Já eram duas da tarde quando ele acordou. Olhou para a janela, viu a escuridão tapear o sol que tentava entrar no quarto a todo custo. Seu corpo estava grudado na cama, mal conseguia se mover. Mais parecia um paciente com miastenia. Até que levantou. O cérebro deslocou-se do corpo, sentiu-o mover sozinho, algumas vezes tinha vontade própria, pensou. Caminhou até onde era dia, onde havia luz, queria se encontrar, buscar algum raio de vida no meio daquele corpo morto, ele sabia que havia algo enterrado debaixo de todo aquele marasmo. Ele só precisava encontrar.
A tarefa era dura. Não é fácil acordar todos os dias buscando a si mesmo. Mas não é isso que as pessoas normais fazem? Eu vou lhe responder que sim, é exatamente isso. Mas ninguém tinha tanta consciência disso como ele. Todos se julgavam ser pessoas bem resolvidas, intelectas de sua própria razão. Pessoas com planos, pessoas que sabem da onde vem e pra onde vão. Decidiu que não havia se encontrado. Pensou nos motivos que tinha para estar de pé, repensou. Nada que valesse a pena. Todo o mundo estava de pé muito bem sem ele. Não havia razões para se lamentar por não ter acordado mais cedo, e não haveriam para se lamentar se ele não acordasse nunca mais.
Ele se sentou a luz do sol enquanto assistia seu dia passar, sua vida passar. Sentou e assistiu o mundo girar, enquanto ele era só mais um peso morto. querendo ser notado pelo espetacular circo de horrores que o cercava. Odiava ter que ficar parado, observando a fusão catastrófica do mundo, vendo detalhadamente cada ser do universo sofrendo uma constante metamorfose, enquanto a sua própria metamorfose esquecera de chegar. Mas tudo chega. O tempo sempre chega. Mas há casos que não chega a tempo. Todo aquele tempo desperdiçado. E mais um dia, ele fez o que fazia todos os dias. Nada.
Pegou seu livro favorito, folheou as 10 últimas páginas, pois assim como ninguém, ele gostava de ler primeiro o final, queria saber como tudo terminava pra saber se o meio valeria a pena ser lido.
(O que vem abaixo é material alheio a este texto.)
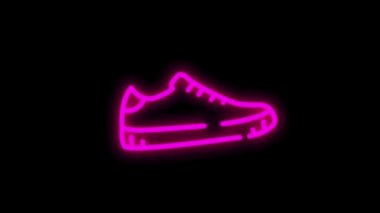 Beyaz arkaplanda izole edilmiş çizgi tasarımı ile SPORT neon simgesi. Hareket grafiği.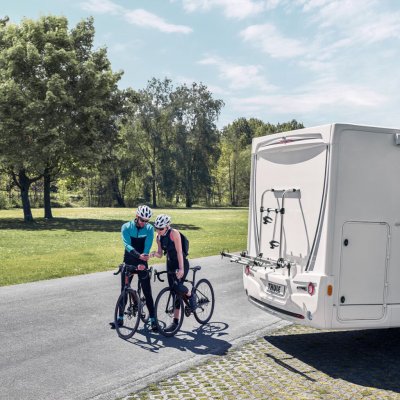Cykelholder til montering på bagsiden af et mobilhome.
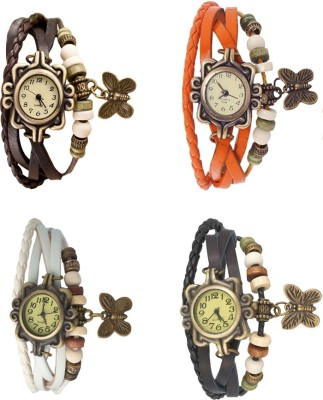 NS18 Vintage Butterfly Rakhi Combo of 4 Brown, White, Orange And Black Analog Watch  - For Women   Watches  (NS18)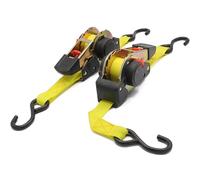 FISHTEC - Lot de 2 Sangles d'Arrimage Crochets 25 mm - Enrouleur Automatique - Sangles à cliquet pour Moto, remorque, Transport - Charge Max 640 kg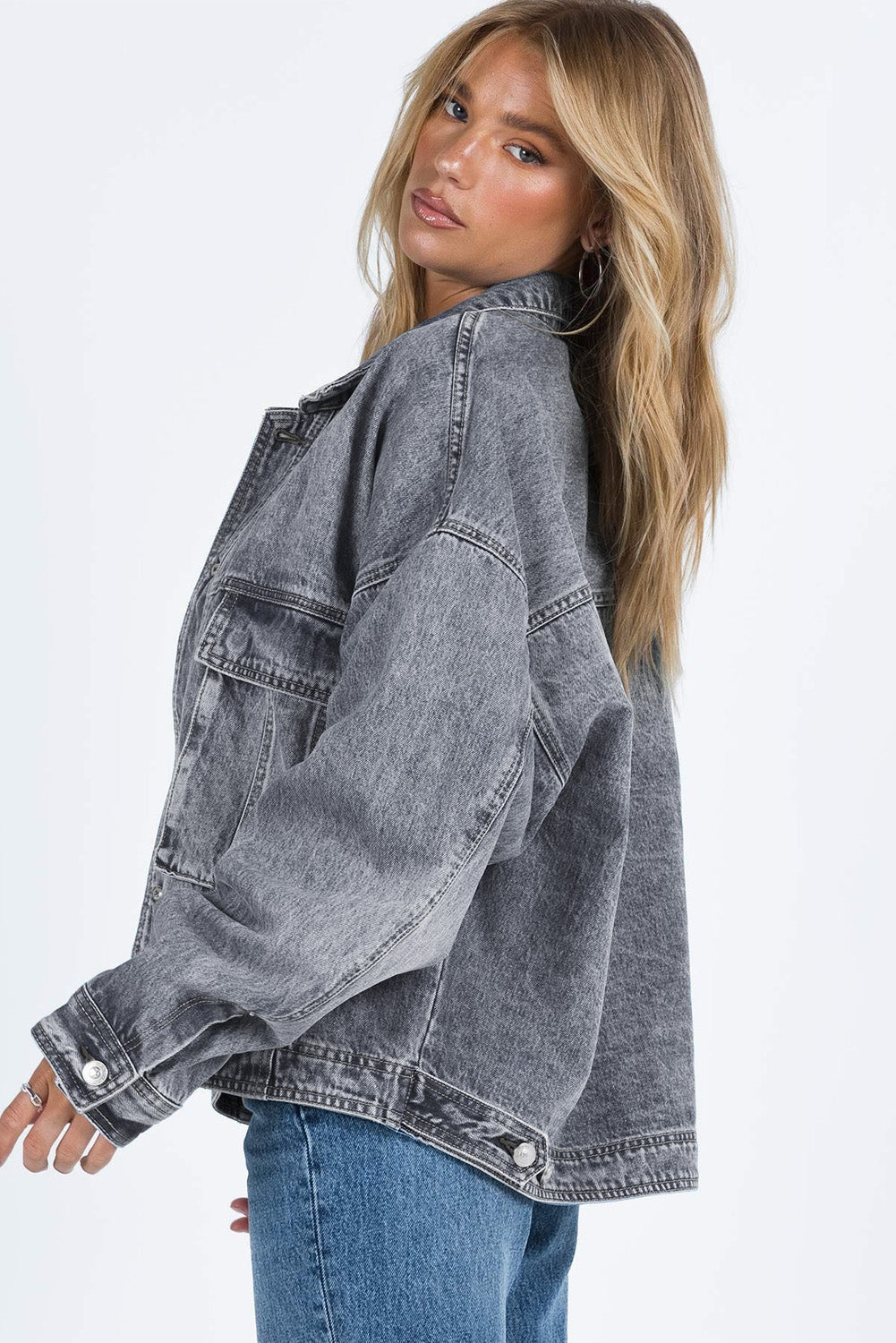 Collared Neck Button Up Denim Jacket.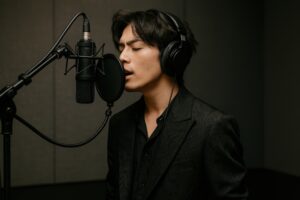 スタジオで収録する男性ボーカリスト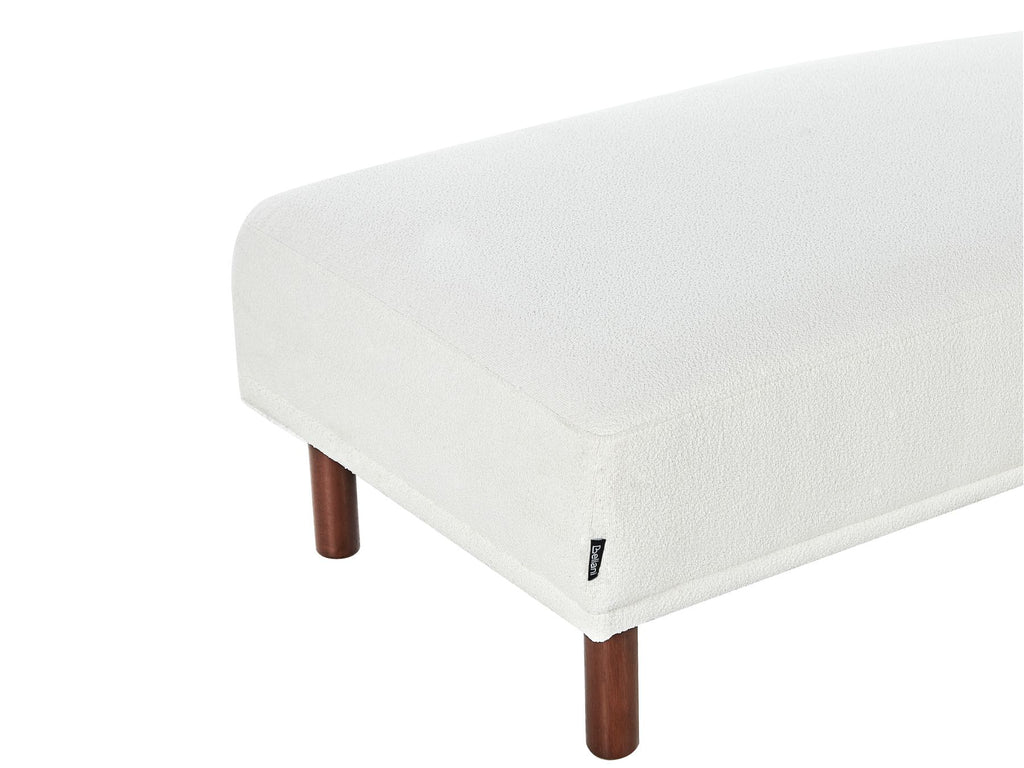 Corner Sofa HOLT Boucle White with Ottoman 3 Seater Left Hand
Ele estava procurando o seu final, como tudo acabaria, bem ou mal. O seu desfecho. Só assim poderia localizar o clímax de sua história, e avançar até a parte decisiva, onde ele sentiria uma faísca acesa dentro de si, e buscaria se salvar, por mais doloroso que fosse. E no final, venceria. Era a batalha de uma potência cognitiva da alma, em busca de sua essência. Entendeu que aquela era sua batalha, sua luta, algo que dependia apenas de si mesmo, algo que estendia além de sensações corpóreas, era algo significativo, o que determinaria o que seria, como seria visto, como seria lembrado. Era sua batalha, e ele haveria de lutar por ela se quisesse vencer.